Di Pietro juventino a testa alta Il ministro delle Infrastrutture racconta le sue passioni bianconere, il suo distacco dalla vecchia dirigenza e la sua fiducia negli Elkann: "Lapo è un piacevole ribelle"
Antonio Di Pietro è nato il 2 ottobre 1950. Archivio
MILANO; 23 gennaio 2007 - Sei mesi dopo Moggiopoli quale è l'umore del mondo bianconero?
"Incontro ogni giorno centinaia di persone e attraverso il Paese in lungo e in largo. Si parla di finanziaria, di euro, di un'Italia che ha voglia di ripartire. Poi, alla fine capita spesso di parlare di Juve. Noi bianconeri siamo ovunque.

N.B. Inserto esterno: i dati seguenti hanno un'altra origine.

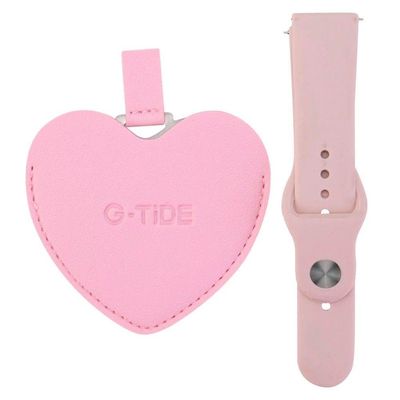 Smartwatch G-Tide Elegance Tela AMOLED Frequência Cardíaca Bateria 168h Rosa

Bene, in questi mesi non ho sentito un solo tifoso dire: 'Caro Di Pietro, non sono più della Juve'. Dico, nessuno. La retrocessione,anzi, ha acceso ancora di più l'amore della gente nei confronti della squadra.

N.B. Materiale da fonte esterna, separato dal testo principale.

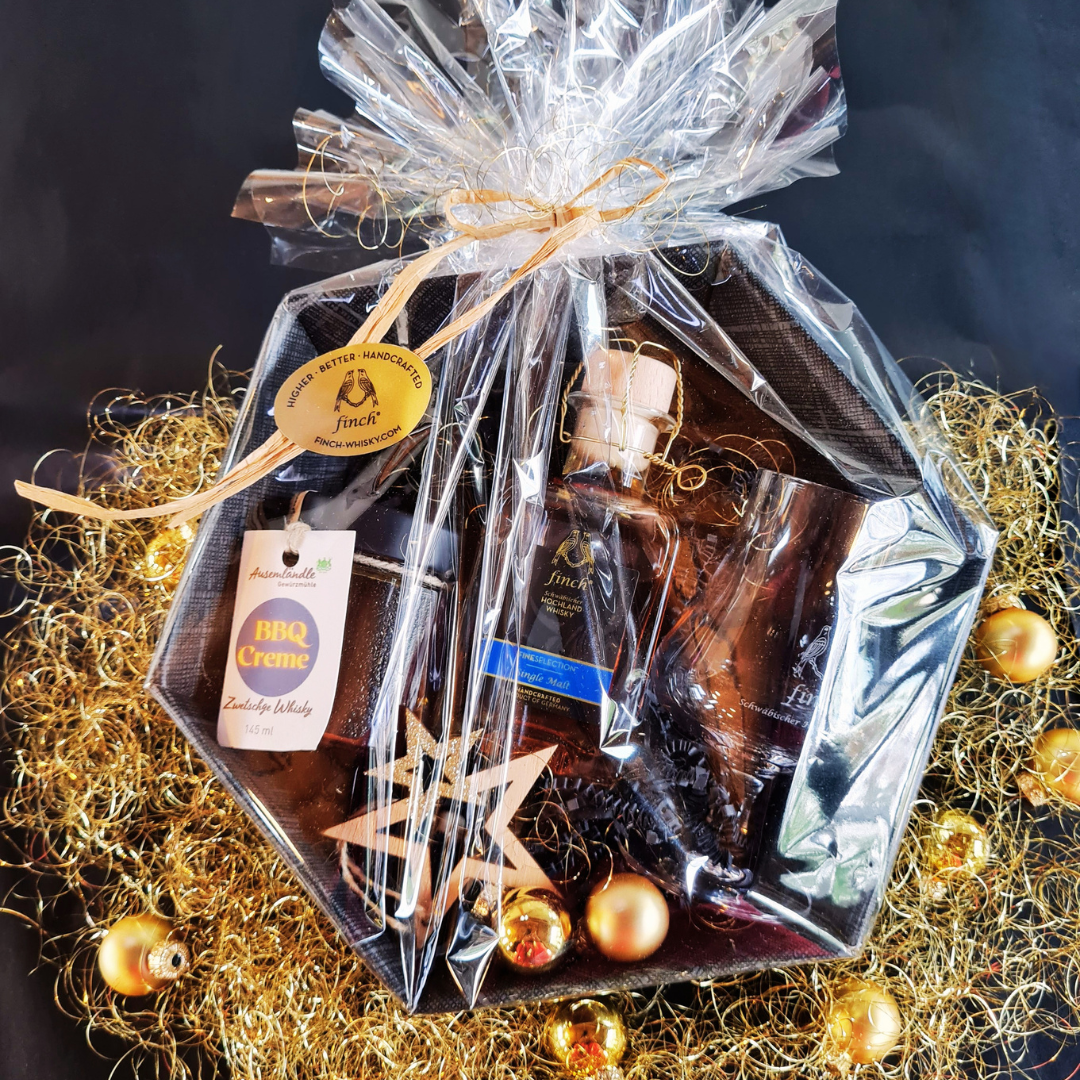 
                  
                    finch® Weihnachtsedition 1 - mit edlem Single Malt Whisky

Provi a calarsi nel ruolo di avvocato difensore della Juve: cosa chiederebbe a una giuria?
"Di restituirci subito i due scudetti che ci hanno tolto. E' stato un vero furto. Una clamorosa ingiustizia. I due scudetti la Juve se l'era conquistati sul campo senza nessun tipo di irregolarità. Anche i mondiali in Germania hanno dimostrato che la Juve aveva nella sua rosa dei grandi campioni. Basta rileggere le formazioni di Italia e Francia". La Juve deve tornare subito in serie A, costruire una squadra competitiva è riprendersi quello che le è stato portato via. La mia non è una speranza ma un appello che invio a nome di tutti gli juventini d'Italia".